Kernel Execution Sequence

What is the order of kernel execution?
The literature talks about asynchronous execution, but asynchronous in what respect?
It appears, it is the threads in the kernel that are executed asynchronously (unknown sequence).
The kernel execution themselves don’t appear to execute asynchronously, or do they?

I have 3 kernels, none contain any blocking/synchronous operations.
If I call kernelA, then kernelB, then a THRUST call, and then kernelC. How are they executed on the GPU?

Will kernelB ONLY start after kernelA is finished? (i.e. One after the other.)
Can kernelB start before kernelA has finished? (i.e. Can 2 kernels run at the same time.)
In which case, kernelC could complete execution before kernelA is complete.

Does the THRUST call appear as a single kernel?
Could a single THRUST call include more than one kernel call?
Do the THRUST calls include blocking between other THRUST or kernel calls?
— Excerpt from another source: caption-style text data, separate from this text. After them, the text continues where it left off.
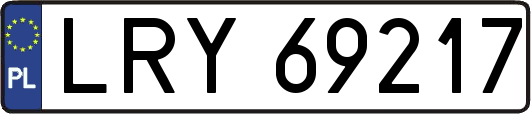LRY69217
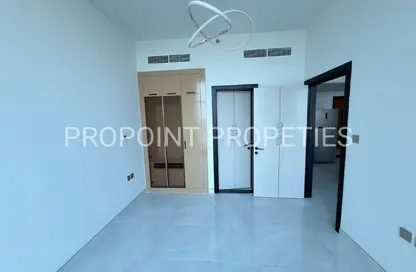 شقة - غرفة نوم - 1 حمام للايجار في سكايز من دانوب - ارجان - دبي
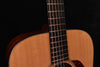 Bourgeois D Country Boy Touchstone Series Acoustic Guitar
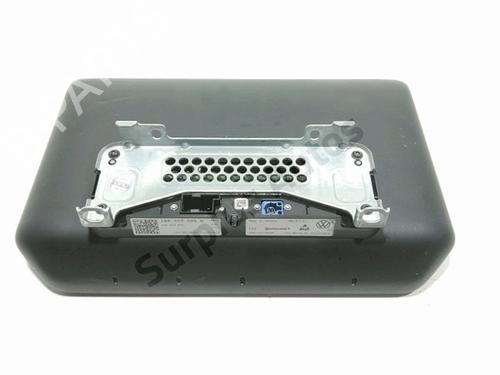 Display VW GOLF VIII (CD1, DA1) 1.5 TSI | BP38948274C48 - Image 2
Even though the kernels are started in a certain order, can they execute in a different order? i.e. Could kernelB start execution in the GPU before kernelA?


Kernels in the same CUDA stream (and if you don’t specify a stream, it is stream 0) will always run in the order you submit them. The asynchronous aspect of CUDA is that once you launch a kernel (or several), execution continues almost immediately on the CPU while the kernels run on the GPU in the background, until the CPU hits some kind of synchronization point, such as cudaDeviceSynchronize() or cudaMemcpy().

If you create multiple CUDA streams, then kernels in different streams can run in an arbitrary order relative to each other, or possibly even simultaneously.

I don’t use Thrust, so I can’t address those questions.